And none of those news outlets earned a cent from the interaction.

Alan’s conclusion was blunt: that’s not sustainable.

And while he believes creators should be compensated, he doesn’t think copyright law can realistically patch this — he argues we need a new paradigm, with tech companies, publishers, and policymakers at the table.

The Legacy of Archie: How One Man’s Idea Changed the Internet Forever

Jemilla’s final questions brought in legacy and representation — and Alan answered with the same mix of humor and humility that ran through the whole call.

He talked about attending a Usenix conference in 1992 where they had one of the first digital cameras — black and white, tiny resolution. The organizers tried to photograph everyone and upload pictures to an FTP site.
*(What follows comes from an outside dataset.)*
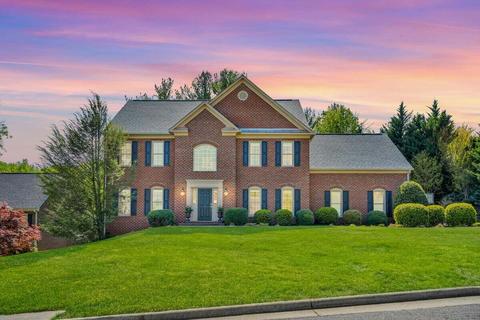 5855 Salisbury Dr, Roanoke, VA 24018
When it was Alan’s turn, the camera couldn’t capture his face properly.

The output was “a black face with teeth and eyes,” because the system had effectively only been tested on white skin tones.

The photographer was mortified.

Alan thought it was hysterical.

But the point landed: he was one of only a few people of color there, and one of the few openly gay people as well. He acknowledges representation has improved, even if it’s not where it should be.
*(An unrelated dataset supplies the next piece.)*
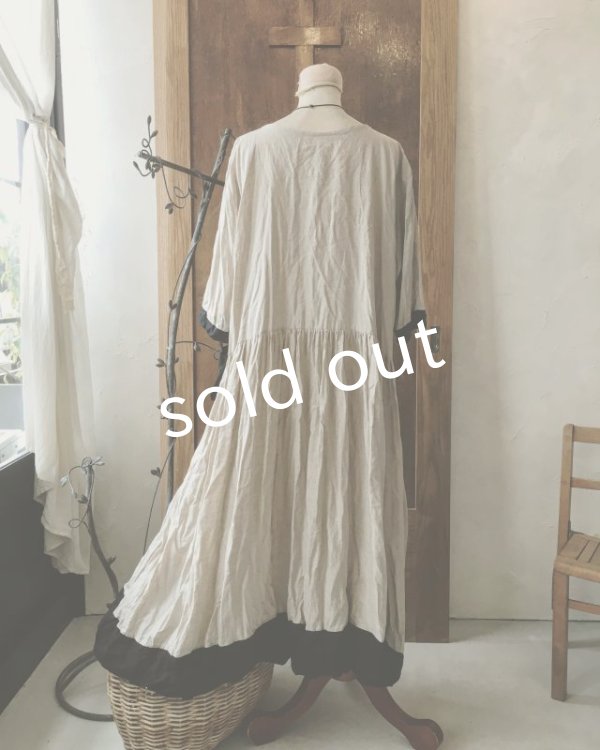 画像13: MARCHE' DE SOEUR/生成りベージュ×ブラックリネンワンピース (13)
Then came the legacy question — and Alan, again, refused the heroic framing.

He said he’ll probably be a footnote in history. And he’s comfortable with that.

He doesn’t chase recognition. He doesn’t measure impact by money. He thinks the early builders were idealists — naive about the ways tools could be used badly.
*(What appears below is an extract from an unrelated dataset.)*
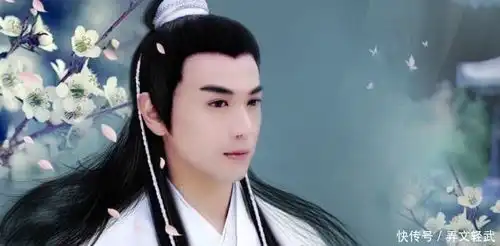  这位爱国诗人写了一首临江仙,笔力堪比苏轼,旷远清丽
But he’s proud of the work, proud that it mattered, and realistic about how history remembers people.

Jemilla pushed back the way many of us feel: he should be more than a footnote. He should be a chapter. Without him, she said, she wouldn’t have a career in this industry.

Alan took it graciously — but you could tell he meant what he’d been saying all along:

He built Archie because it needed to exist.

Not because he wanted credit for it.